Task to carry out :: Starting at the line with "Dolce & Gabbana", copy each line through the last one below exactly as written, without any pictures.

Information provided ::

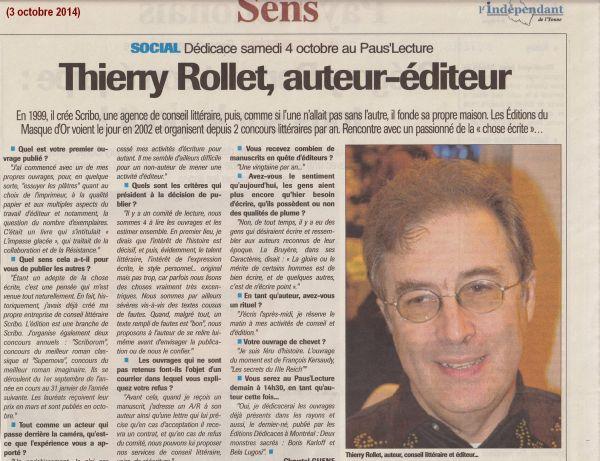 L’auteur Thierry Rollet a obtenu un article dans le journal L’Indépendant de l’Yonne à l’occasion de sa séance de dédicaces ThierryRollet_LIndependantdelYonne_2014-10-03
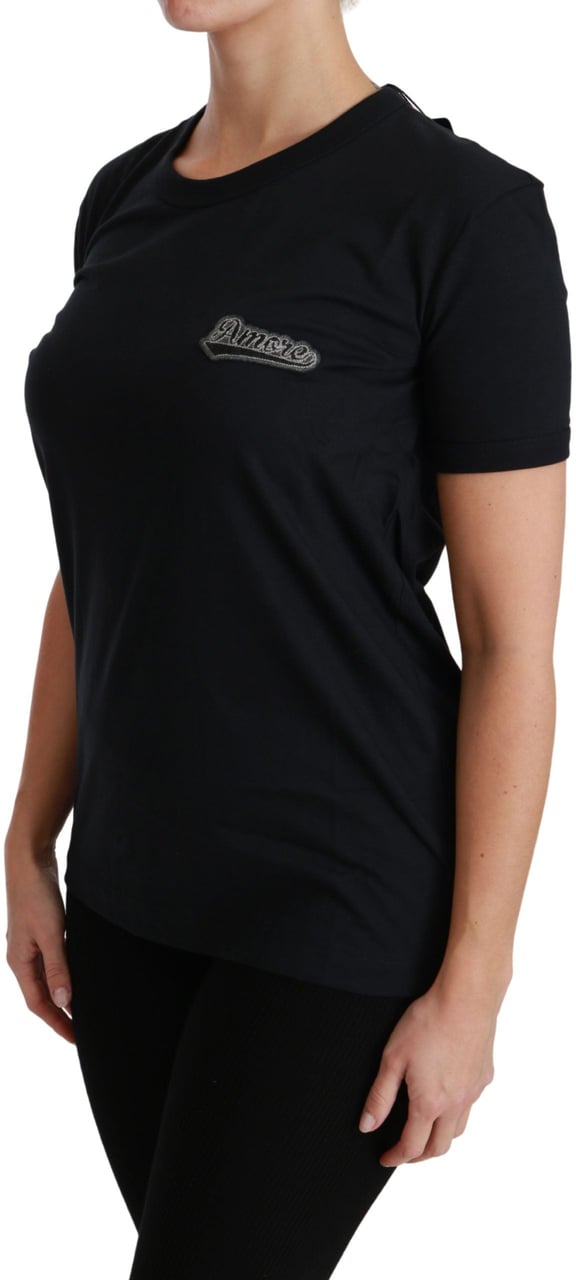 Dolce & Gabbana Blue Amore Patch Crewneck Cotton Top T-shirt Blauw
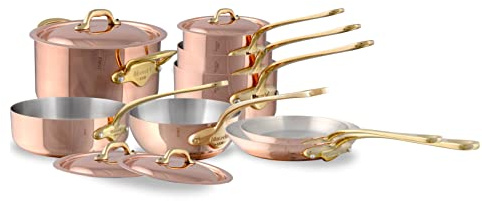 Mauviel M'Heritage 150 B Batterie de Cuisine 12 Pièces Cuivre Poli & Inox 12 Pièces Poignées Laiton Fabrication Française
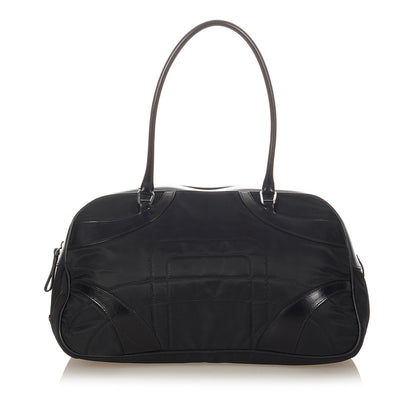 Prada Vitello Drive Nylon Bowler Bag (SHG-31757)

Solved exercise ::
 Dolce & Gabbana Blue Amore Patch Crewneck Cotton Top T-shirt Blauw
 Mauviel M'Heritage 150 B Batterie de Cuisine 12 Pièces Cuivre Poli & Inox 12 Pièces Poignées Laiton Fabrication Française
 Prada Vitello Drive Nylon Bowler Bag (SHG-31757)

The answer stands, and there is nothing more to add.